这个时代最稀缺的或许就是常识 一月好书榜_生活

时间: 2024-04-29浏览:

  这些常识很简单,比如阅读历史时应该与历史保持距离、文学不应该被死板的阅读理解夺去乐趣、法律可以也必须在不完美的世界里持守正义,等等。

  在日常中,当带入情绪与思考习惯时,我们时常会将这些看似简单的常识忘记。但幸好,我们还有这些书籍。

  在本期书单里,有试图突破线性历史与宏大叙事的优质历史书,有我们熟悉的村上春树写下的回忆录,有将美国几十年历史通过个体经历展现出来的磅礴著作,有这个时代亟需的不功利不过度解读的文学体验之书,也有醉心于伊斯坦布尔风情的摄影师拍下的摄影集……

  我们对历史的着迷,很大一部分原因在于历史是由“故事”组成的。不管是历史中的故事还是在影院里的漫威电影,大都遵循着同样的法则,第一幕是起源,第二幕是发展,第三幕是遇到困境以及对困境作出回应。

  不管最后成功还是失败,主角是“正派”或“反派”,被我们熟知的历史人物身上都被不断地叠加着后世的标签与价值判断,让过去的时代变得失真。

  此外,对“故事性”的本能偏爱,让我们时常瞩目于历史发生剧变的瞬间,忽视了剧变与改革背后的制度如何形成。

  赵冬梅教授的这本《法度与人心》是试图跳脱出前人聚焦于重大事件与人物的编年史体系,用更宏观的角度阐释中国历史变迁的著作。

  如果按部就班的历史书让你厌倦,你可以翻开这本《法度与人心》,去看看在中华文明的流变里,人如何一点一滴自觉或不自觉地改造与塑造制度,制度如何一点一点地改造了历史当中的人。

  野心首先体现在袁凌视角的转变。在这本书之前,袁凌的非虚构创作大都聚焦在边缘与底层群体,他写他人时,将冷静的叙述发挥到极致,近乎素描般的文字刻画出了时代中我们不曾关注到的角落。当视角转向他自己时,他的笔触并没有变得柔和与夸饰,而是一如既往地“冷”,也正是这样的冷静,让他的自传显得真实且珍贵。
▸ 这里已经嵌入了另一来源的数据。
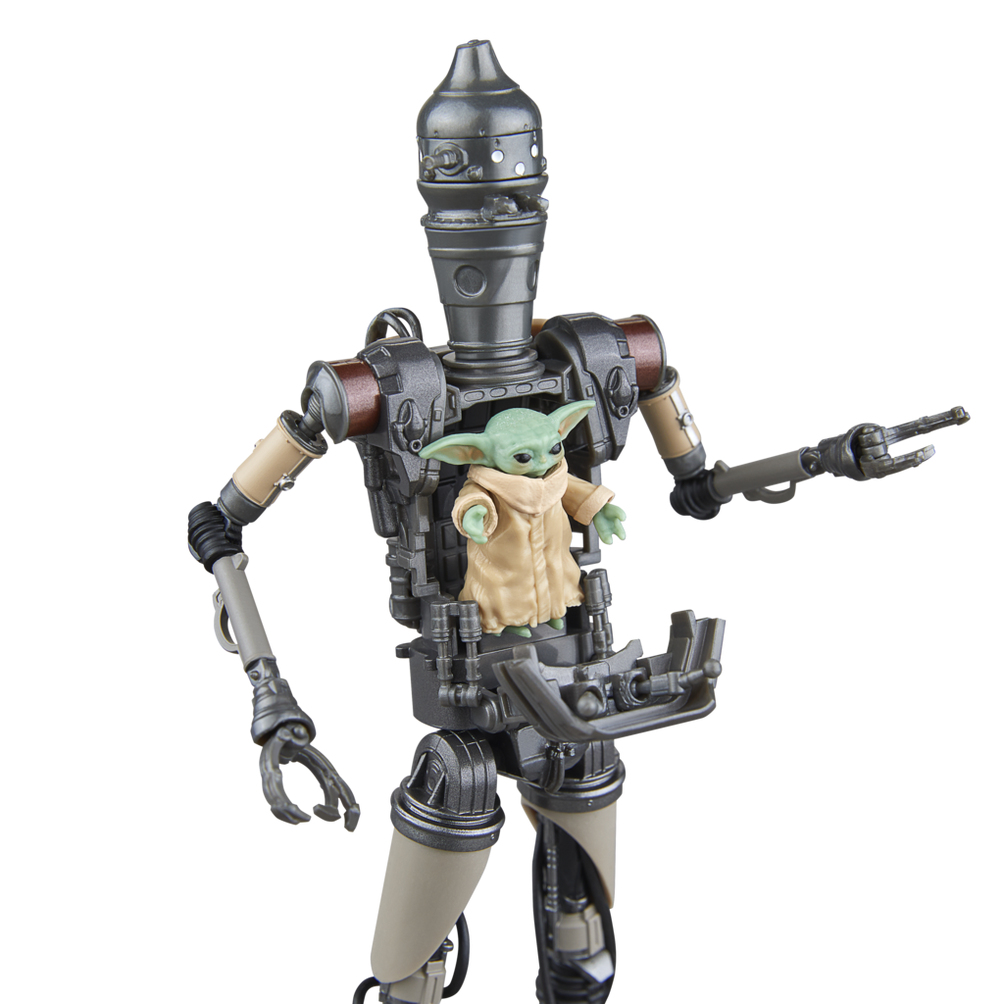 Figurka robota z Baby Yodą w środku.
  野心也体现在他的坚持,袁凌的写作,从来都是从个体身上见到时代。在这本《在别处》里,他从他自己的历程里,窥见了时代的转变。他从北京的生活开始,之后回忆起自己生活的乡村和县城。

  在这本书的最后一句,袁凌说:“我以为我的梦结束了。不料在第二天又做了新的梦。”这是一个恰当的结尾,因为重述必定意味着对现实无法尽数还原,但现实就是从一个梦奔向另一个梦的历程——这个现实里,有袁凌,有我们,也有脚下的这片土地。

  李鸿章与袁世凯都是中国近代史上绕不过去的人物,他们在清朝的最后章节出现。在我们的印象里,一个是乱世之能臣,一个是借乱夺权的“小丑”。
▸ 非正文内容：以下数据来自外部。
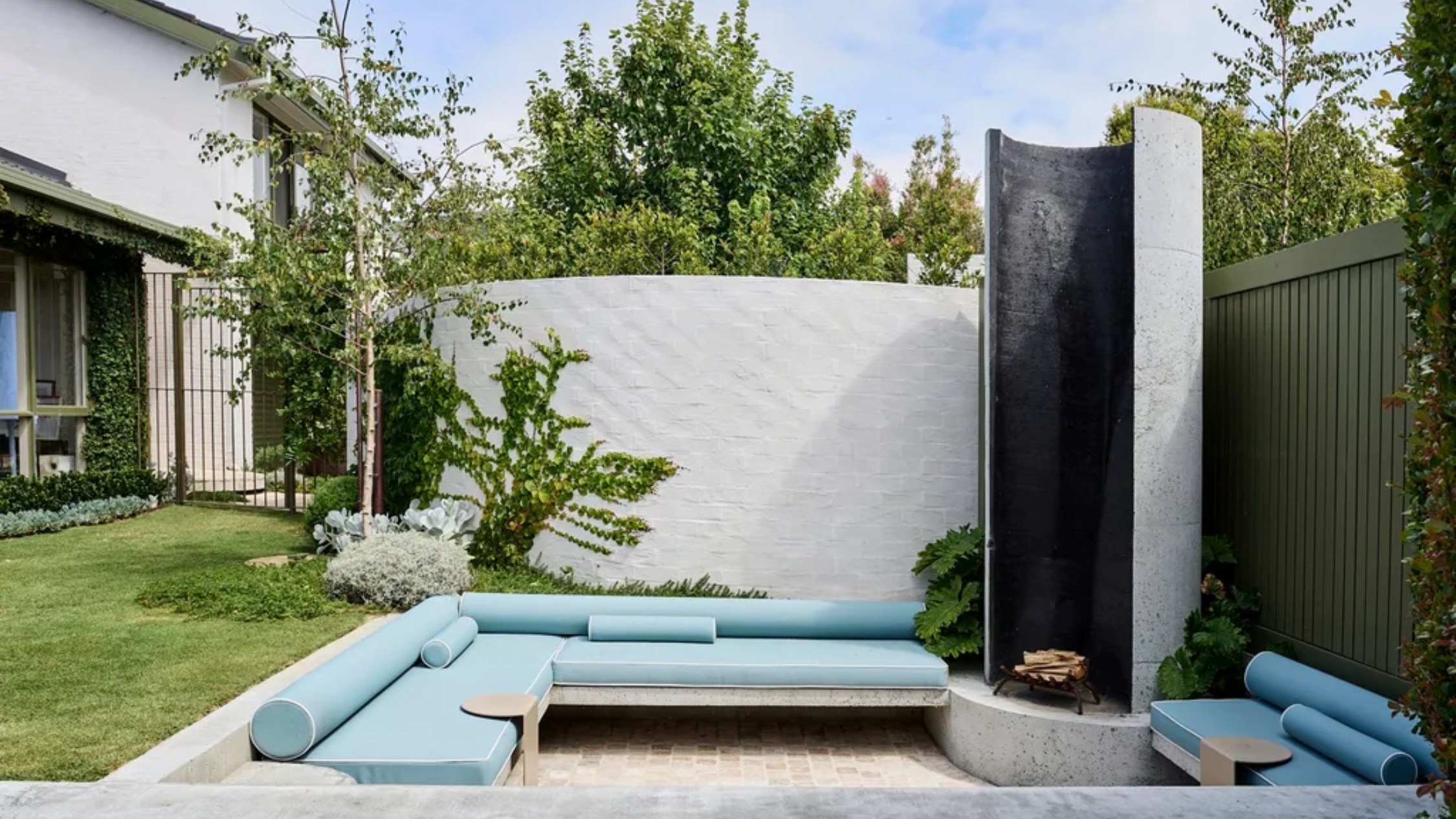 Family-oriented backyard design with a Tuscan twist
  历史学家陈寅恪曾经说,研究历史要有“同情之理解,理解之同情”,这种同情与理解,是保持距离后,去看大历史中的人物抉择背后的“不由自主”。作为一个当下的、在日本的学者,冈本隆司很好地保持了“距离感”。

  就像在评价袁世凯时,冈本隆司说:“袁世凯本人的上升期和没落期,并没有太大区别。中国的政治和经济结构也是如此。变化的是他的立场和时代风潮……袁世凯率直的言行体现出了地方官的冷静和果断。然而一旦风潮形成后,这种率直反而暴露出了作为一名元首的丑陋和腐臭。”
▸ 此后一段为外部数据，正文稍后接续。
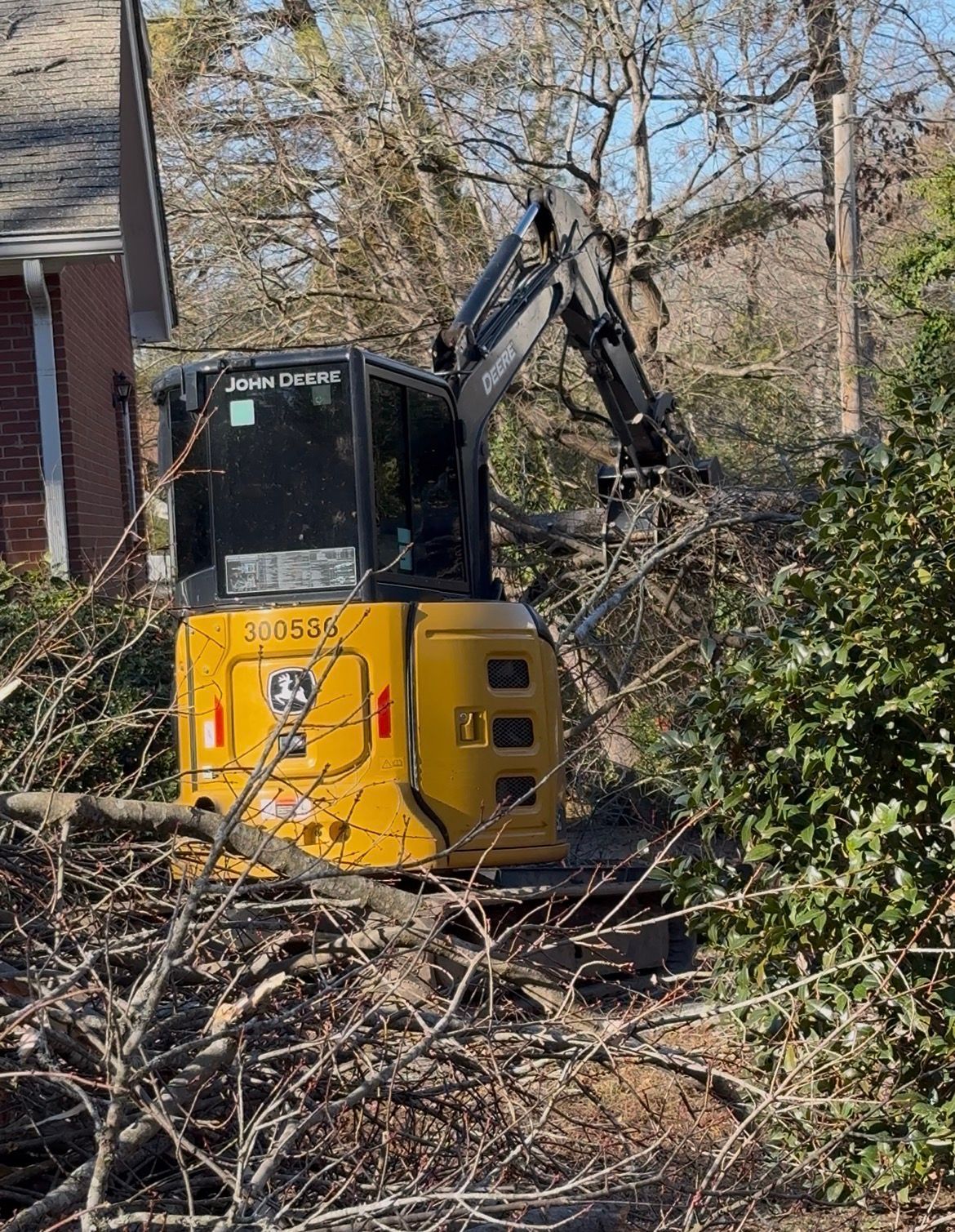Yellow John Deere excavator clearing branches near a brick house.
  本书值得一提的还有后面的参考文献,作者很详细地介绍了这些文献,入门者与研究者都能在这些文献里找到自己感兴趣的部分。

  (土耳其)阿拉·古勒 著,邓金明 译,上海人民出版社 世纪文景,2020-11

  阿拉·古勒1928年生于伊斯坦布尔。1950年,他成为一名摄影记者,由此开始了对伊斯坦布尔超过半个世纪的记录——他更愿意把自己的拍摄工作描述为新闻记录,而不是艺术。

  “1950至1960年代的伊斯坦布尔——那里的大街、便道、店铺和脏兮兮的没人管的工厂,那里的船只、马车、巴士、云霭、私人出租车、公共出租车、楼房、大桥、烟囱、薄雾和人,还有隐匿其间难以一眼看透的灵魂——没什么能比阿拉·古勒的照片更好地记录、保存和保护它了。”在为这本《阿拉·古勒的伊斯坦布尔》所作的序言中,古勒第一铁粉、作家奥尔罕·帕慕克写道。

  在阿拉·古勒的镜头下,男人们在博斯普鲁斯海峡边的咖啡馆玩牌(间或有渔民在咖啡馆里修补渔网),失业的男人在酒馆喝酒,女人们倚在半掩的门口眺望街头,孩子们跑来跑去,水果小贩推着他们的手推车满大街招徕顾客,船夫划船把伊斯坦布尔的人从金角湾这头运到另一头,上班族一大早就在等加拉塔大桥放行……他所呈现的,不仅仅是城市景观,更是穿行在城市这个巨大布景之间的人。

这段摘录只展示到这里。